El tema es que, en la Obra, este ser «nada» es absolutamente funcional al gobierno y a la obediencia rendida que se exige. Esto le quita toda inocencia a tanta humildad predicada y a tanta soberbia prejuzgada. Ese interés del fundador por matar el egoísmo no resulta ser nada altruista («cuando sientas que tu criterio debería prevalecer: que tú, que tú, que tú, y lo tuyo, y lo tuyo... ¡muy mal! Estás matando el tiempo y estás necesitando que matemos tu egoísmo»). La verdad es que ese plural «[nosotros] matemos» connota un corporativismo totalmente opuesto a una dirección espiritual personal.
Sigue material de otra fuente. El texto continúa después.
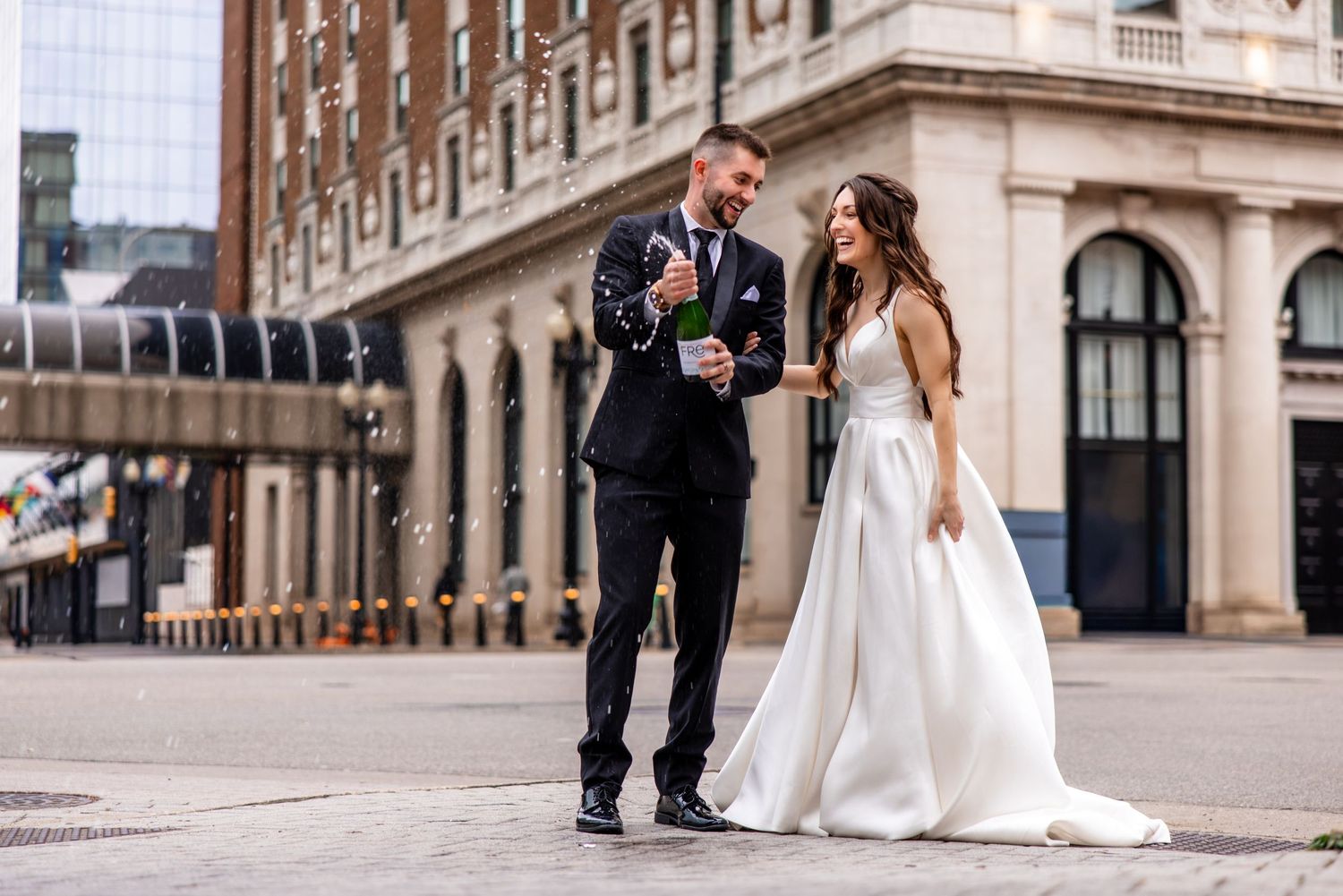 A bride and groom laugh together outdoors, popping champagne in front of a classic brick building on their wedding day.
La «nada» es el vaciamiento necesario para asumir la nueva identidad. «Tu barca no vale», dice el fundador, salvo que forme parte de «la flota» de la Obra.
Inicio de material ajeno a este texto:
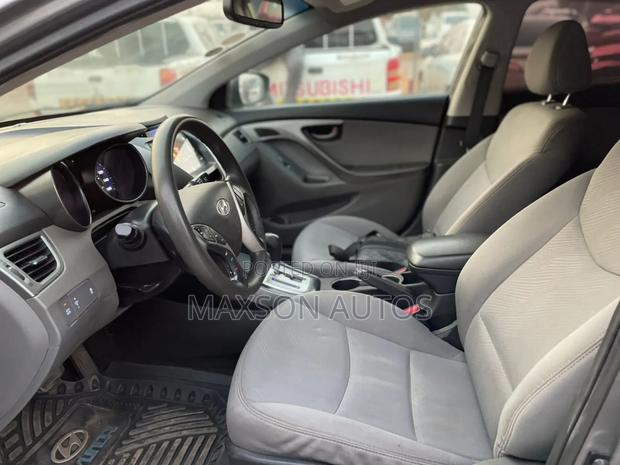 Kia Rio EX 4dr Hatchback (1.6L 4cyl 6A) 2013 Red · Photo 4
La vocación era supuestamente un traje a medida. Pero había una diferencia con el mundo real: se debía recortar lo que “sobraba” de uno mismo para que el traje encajara.

Un proceso alienante que sólo podía lograrse mediante el sometimiento, asunto en el cual tanto insistía el fundador. Sometimiento que tanto daño hizo a las conciencias, porque el punto clave era justamente ser capaz de actuar contra la propia conciencia como prueba de fidelidad al fundador.

Lo que finalmente produce este vaciamiento es un sentido de impotencia frente a la Prelatura, cuando uno se da cuenta de que ha sido traicionado, usado y abusado por la institución: es el estado de indefensión total. Es un estado de desesperación.

No hay modo de revertir la situación en poco tiempo. Contra quien desea recuperar sus propias fuerzas y derechos personales –cedidos bajo presión y engaño-, la Obra pone en marcha mecanismos verdaderamente perversos: más presiones, aislamientos, indiferencia, amenazas, etc.

Qué difícil, entonces, pasados los años querer quitarse un traje que con tanta fuerza entró y encima produjo tanta alienación. No es extraño que cause nuevos dolores y traumas, aunque el resultado será siempre restaurador.

Sin duda, resulta escandalizante que el fundador enseñara y exigiera este vaciamiento (llamado «el olvido de sí») para llenarlo con su ego inconmensurable. Un narcisismo de proporciones faraónicas, propias de un dictador.

e. La omnipresencia del fundador

El sentimiento y el vínculo de filiación se va formando gracias a un Padre que se muestra incondicional, de a momentos (es una de sus caras). Luego puede cambiar violentamente por un Padre aterrador. Quién podría dudar de un padre que dice: «nadie debe acercarse al Opus Dei y marcharse de vacío». No importa si lo dice por «las visitas» o por los ex miembros, está hablando desde una integridad personal que no puede luego quebrar alegremente. La integridad no es un podio al que se sube y se baja según se necesite predicar un discurso u otro.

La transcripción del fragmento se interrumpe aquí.